=== GIVEN DATA ===
BEGIN
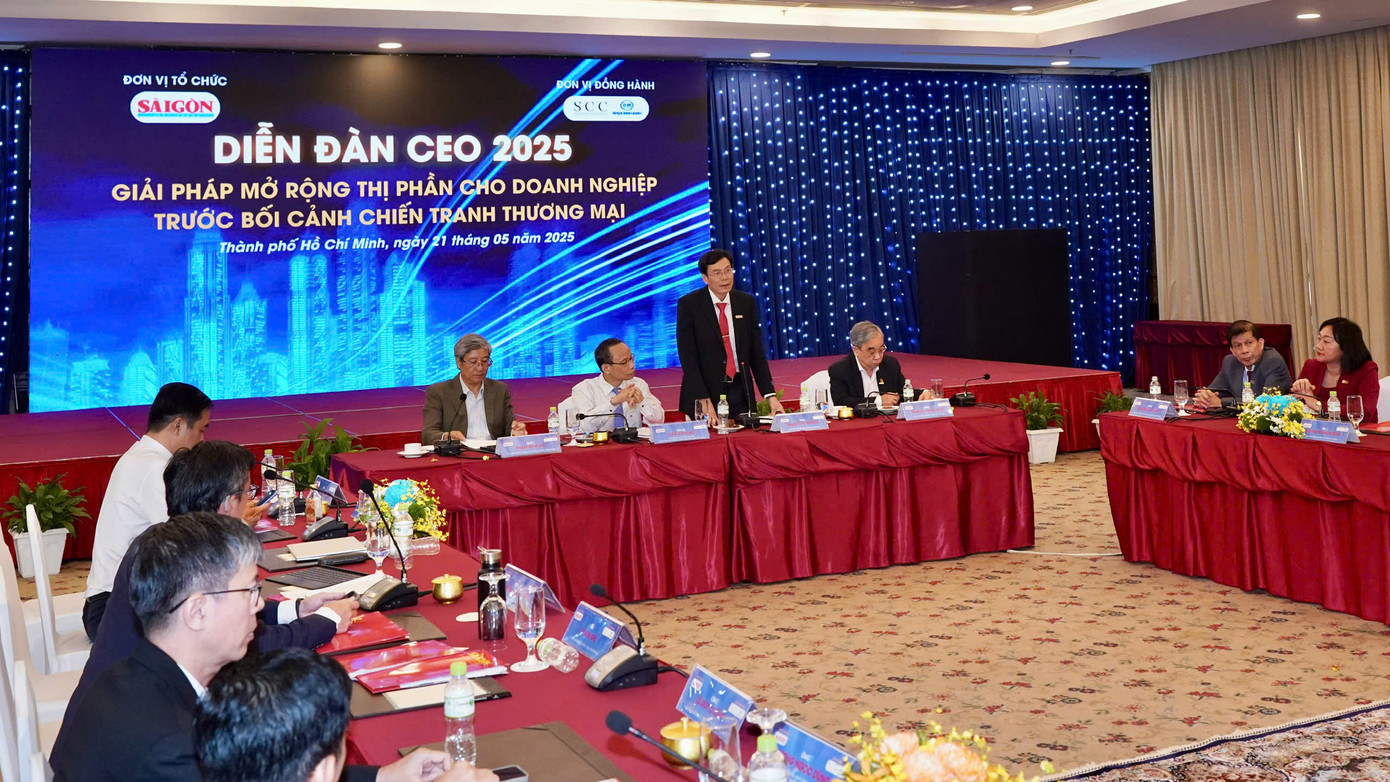 Toàn cảnh diễn đàn. Toàn cảnh diễn đàn.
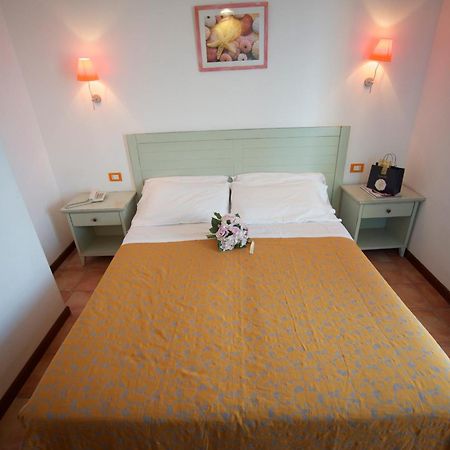 Hotel Villa Tramonto Direttamente Sul Mare San Vincenzo Kültér fotó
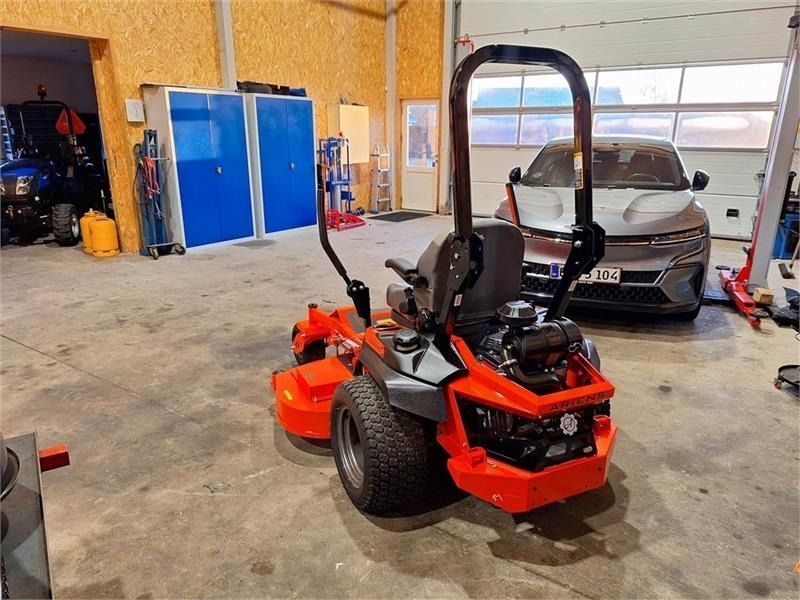 Ariens Zenith 60" SD - Komunālais traktors: foto 3 Ariens Zenith 60" SD - Komunālais traktors: foto 3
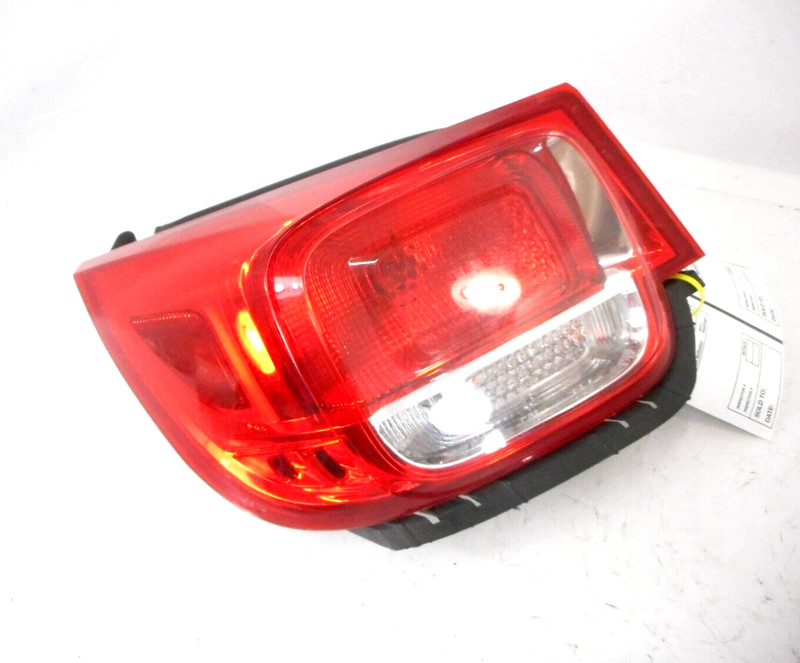 Chevrolet Malibu Quarter Panel Mounted Tail Light Driver Left OEM 2013-2016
END
Could you reproduce exactly the lines running from the one with "foto 3 Ariens" through the final line of the listing above, both included, and drop the pictures?

 Ariens Zenith 60" SD - Komunālais traktors: foto 3 Ariens Zenith 60" SD - Komunālais traktors: foto 3
 Chevrolet Malibu Quarter Panel Mounted Tail Light Driver Left OEM 2013-2016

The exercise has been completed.